Data shown below:

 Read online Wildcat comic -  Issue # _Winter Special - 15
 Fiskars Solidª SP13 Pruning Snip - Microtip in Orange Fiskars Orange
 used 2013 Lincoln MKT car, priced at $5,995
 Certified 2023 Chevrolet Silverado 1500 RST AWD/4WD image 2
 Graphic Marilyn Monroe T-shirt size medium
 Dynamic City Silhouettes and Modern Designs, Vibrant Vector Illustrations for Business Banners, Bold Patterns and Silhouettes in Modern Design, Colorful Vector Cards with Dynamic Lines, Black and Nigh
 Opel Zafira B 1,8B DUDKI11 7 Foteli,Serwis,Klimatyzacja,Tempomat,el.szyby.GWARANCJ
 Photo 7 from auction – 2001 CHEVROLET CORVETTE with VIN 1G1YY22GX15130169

End of Data shown.
Data shown below:

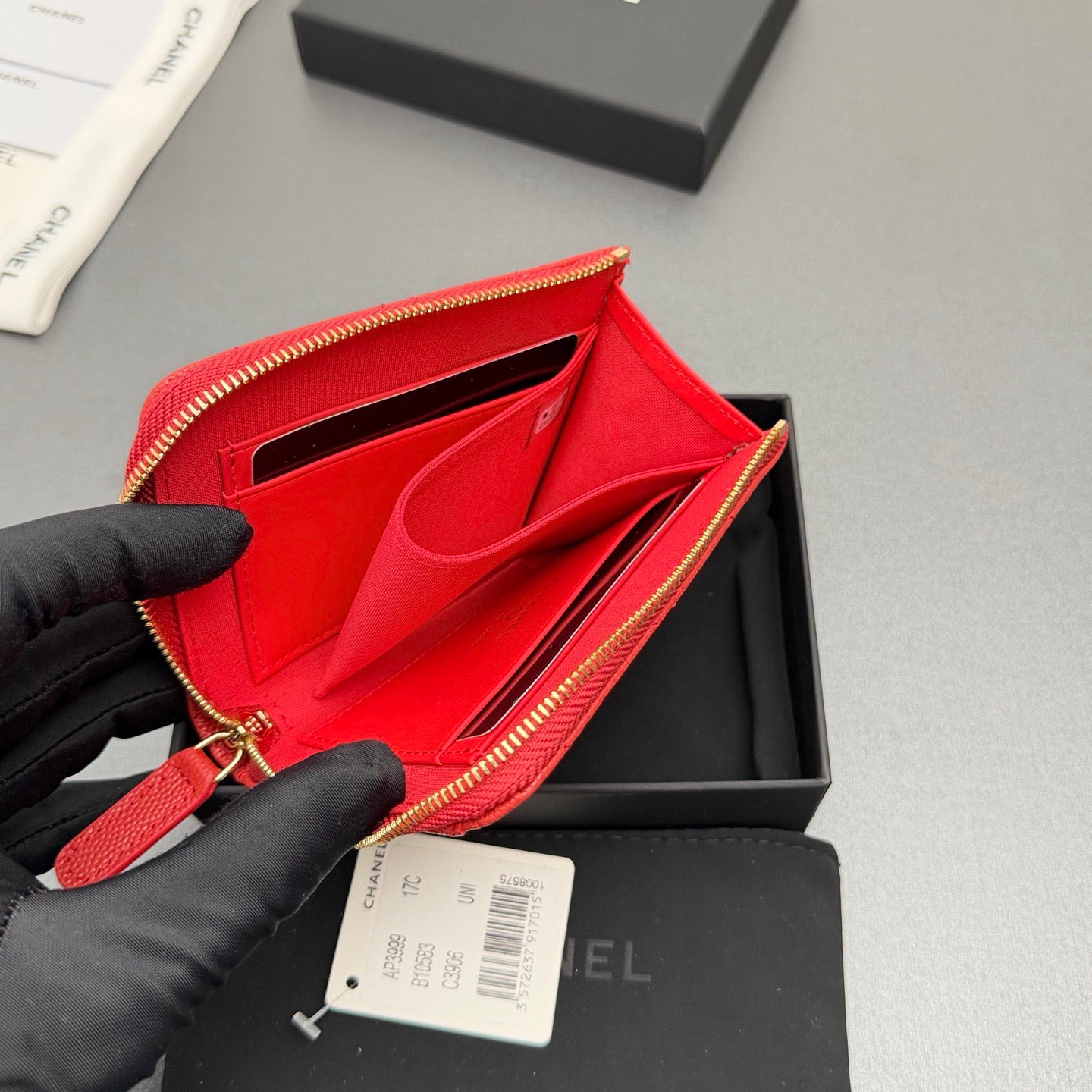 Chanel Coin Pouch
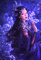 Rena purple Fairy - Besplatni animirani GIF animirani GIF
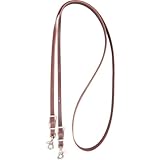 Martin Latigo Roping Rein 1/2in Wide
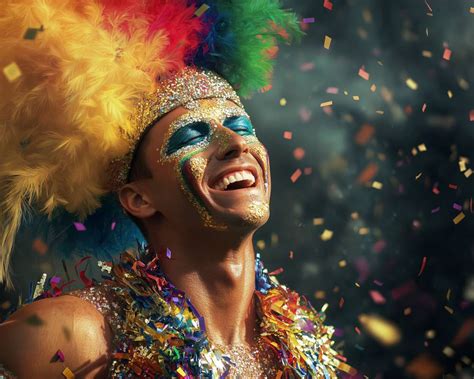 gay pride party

End of Data shown.

Task brief - Please report only the number of lines above that include "with".

Exercise result - 2